愛すべき老中国 : 決まらない実行しない

近年では会議の様子も随分変わってきて、目的を明確にして議論を結論に導き、議事録を作ってそれに基いて実行する、ということができるようになってきました。しかし昔の中国では会議をしても決まらない、決まったことがあっても実行しないというのが普通でした。

まず「決まらない」です。明確な目的が告げられないままメンバーが集められます。そして上位職者と思われる誰かが何かを延々と話します。次にそれに関連する人が自分の意見を延々と話します。その多くは問題を指摘されたことに対する言い訳です。そして参加しているびっくりするほど多くの脇役(何も発言しない人たち)が発言をノートに黙々とメモしていきます。(ついでにいうと「人の話はちゃんと最後まで聞きなさい」と教育されてきている多くの日本人が黙って聞いている。

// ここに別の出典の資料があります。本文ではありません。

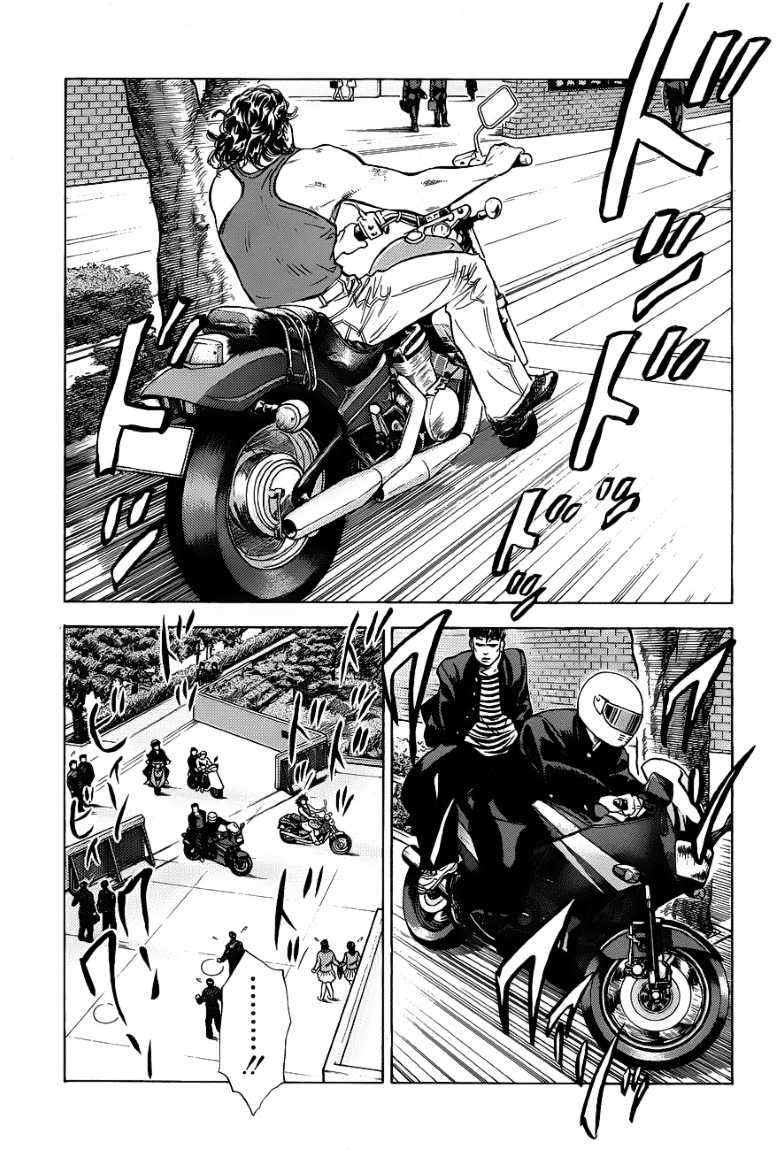 Slam Dunk Chapter 55 - halaman 3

)これが続いていき終了時間がきたら解散です。つまり全員が単に自分の考えを一方的に喋るだけで、誰にも合意や結論を導き出そうという意思がないのです。当然何も決まらないし、発言をもれなく書き込んだノートを読み返す人もいません。中国人の部下になぜこうなのかを聞いてみると、「(当時の)中国では会議は打ち合わせではなく偉い人の演説を聞く場です。学校でも家庭でも先生や親が一方的に喋り、子供はそれを黙って聞いているだけでした。そうやって育ってきているので議論をするなんてことはなく、あるとしたら自分が窮地に立たされる時だけで、自分はこう思うと話せば終わりです」ということでした。面子を大事にする人たちなので相手を非難することになる議論を避ける思いもあるのだと思います。

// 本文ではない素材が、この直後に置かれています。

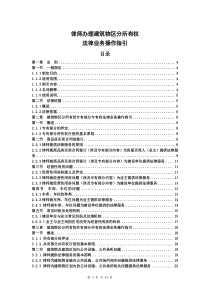 天津律师办理建筑物区分所有权指引草案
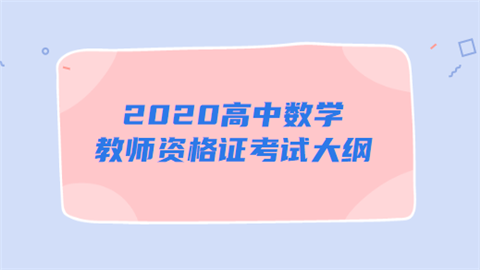 2020高中数学教师资格证考试大纲.png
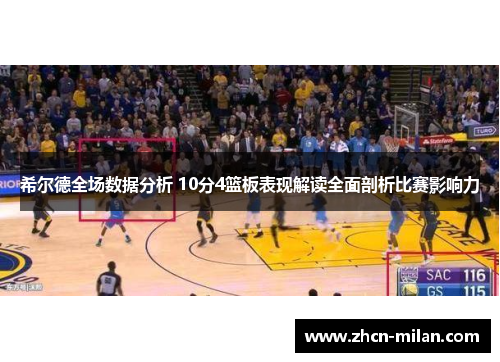 希尔德全场数据分析 10分4篮板表现解读全面剖析比赛影响力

そして「実行しない」です。やっとのことで結論を導き出したのでそれを議事録に残そうと指示するのですが、出てくるのは自分がノートにメモした各人の発言の羅列。全く意味がありません。そこで議事録の書き方を指導してなんとか意味を成すものを作らせて配布するのですが、これを誰も実行しない。公式なビジネス契約ですら経営責任者が「こんなものはただの紙。守る必要はない」などと平気で宣っていた時代です。当然といえば当然なのですが、それでも決議事項を実行させるにはこの方法以外になく、議事録を示して「◯月◯日にみんなでこう決めたよね?」としつこくしつこく説得するとしぶしぶやるという状態でした。

そんな様子だったので、目的を明確にして議論を方向付けできる、実行に導ける日本人は重宝がられて、不思議な信頼を集めていました。たぶんどの方面の人からも味方のように思えたのだと思います。私たちの仕事はパートナー会社の技術支援だったのですが、いつの間にやら先方社内の調整役になり、その腕を買われて何度も支援要請を受けるようになっていました。「あれ?私の仕事はこういうことだっけ?」と考えることも度々ありました。少なくとも技術屋の仕事ではないことをたくさんやっていたと思います。

近年、中国の会社の会議室に「効率的な議論を」とか「win-winを」とか書いてある貼り紙を見たりすると、昔を思い出して微笑ましい気持ちになったりします。あっという間に経済大国になれたのにはこういう基礎部分の成長が貢献していると思います。